Sta di fatto che adesso, sul web è scoppiata una polemica del menga – questa era una battuta, invece – perché un locale, l’Old Square, che sta qui vicino a casa, le ha fatto girare la pubblicità di uno dei suoi panini con Hamburger. Niente di che. Quattro battutine, un’allusione al pornfood. E quindi? Ovviamente, le femministe mentecatte sono spuntate a grappoli. Sentite questa: “Nel 2020 è ancora possibile usare il corpo della donna come oggetto sessuale per vendere un panino. Cosa ce ne facciamo di una pubblicità simile? Cosa ce ne facciamo del fatto che l’attrice in questione è consenziente, e quindi col suo corpo ci fa (giustamente) quello che vuole? Niente, perché col suo corpo usato in questo spot il messaggio che manda è: io sono carne, non di più di quel burger che sto baciando simulando una fellatio. Sono carne e così continuerò a essere vista perché la mia presenza è finalizzata a far godere il pubblico maschile, a farlo avvicinare a un locale che strizza l’occhio ai maschietti arrapati…”.
E vai di malattia mentale, Cristo Santo! La Smeraldi ridotta a sola carne? Perché, scusate, quando succhia cazzi a go-go, di sua spontanea volontà, per la Bangbros ecc. a cosa si riduce, a un’intellettuale stile Simone de Beauvoir? La Smeraldi ha scelto, in vita sua, di fare la troia – sia detto senza offesa. È arrivata fino a Siffredi. Addirittura, è andata in America, a lavorare per le più grandi case produttrici di materiale per adulti, per ciucciare e farsi sborrare da Tizio, Caio e Sempronio. Direi che, presumibilmente, solo i ragazzi dell’Old Square non se la sono spruzzata, povere anime. Non capisco perché tanto casino e, in particolare, perché lanciare il boicottaggio contro il locale. La spiegazione penso sia semplice: le femministe sono persone deviate.
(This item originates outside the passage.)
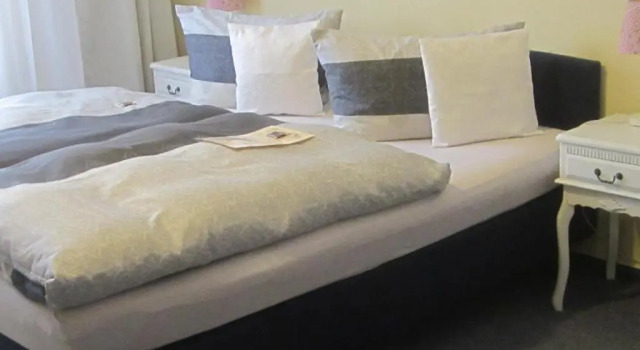 Трёхместный номер Standard Hotel-Pension Adler Untertürkheim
La figa vende e la Smeraldi lo sa. Persino loro che si sono accanite contro questo spot sono interessate solo ad essa. Perché, invece di scatenare l’inferno, non hanno fatto pubblicità a un libro di poesia che non vende una sega, a un film di nicchia, o qualcosa di simile? Niente, a quanto pare anche loro tornano, con tutta la loro ignoranza, sempre e solo alla vagina. Madonna mia, che bordello per un Hamburger e due labbra che hanno visto più carne cruda di cazzo che altro. Ma sparatevi un vibratore in culo e lasciate in pace Martina e la sua libertà di succhiare quel che le pare.
Matteo Fais
L’AUTORE
MATTEO FAIS nasce a Cagliari, nel 1981. È scrittore e agitatore culturale, fondatore, insieme a Davide Cavaliere, di “Il Detonatore”. Ha scritto per varie testate (“Il Primato Nazionale”, “Pangea”, VVox Veneto”). Ha pubblicato i romanzi L’eccezionalità della regola e altre storie bastarde e Storia Minima, entrambi per la Robin Edizioni. Ha preso parte all’antologia L’occhio di vetro: Racconti del Realismo terminale uscita per Mursia. A ottobre, sarà nelle librerie il suo nuovo romanzo, Le regole dell’estinzione, per Castelvecchi.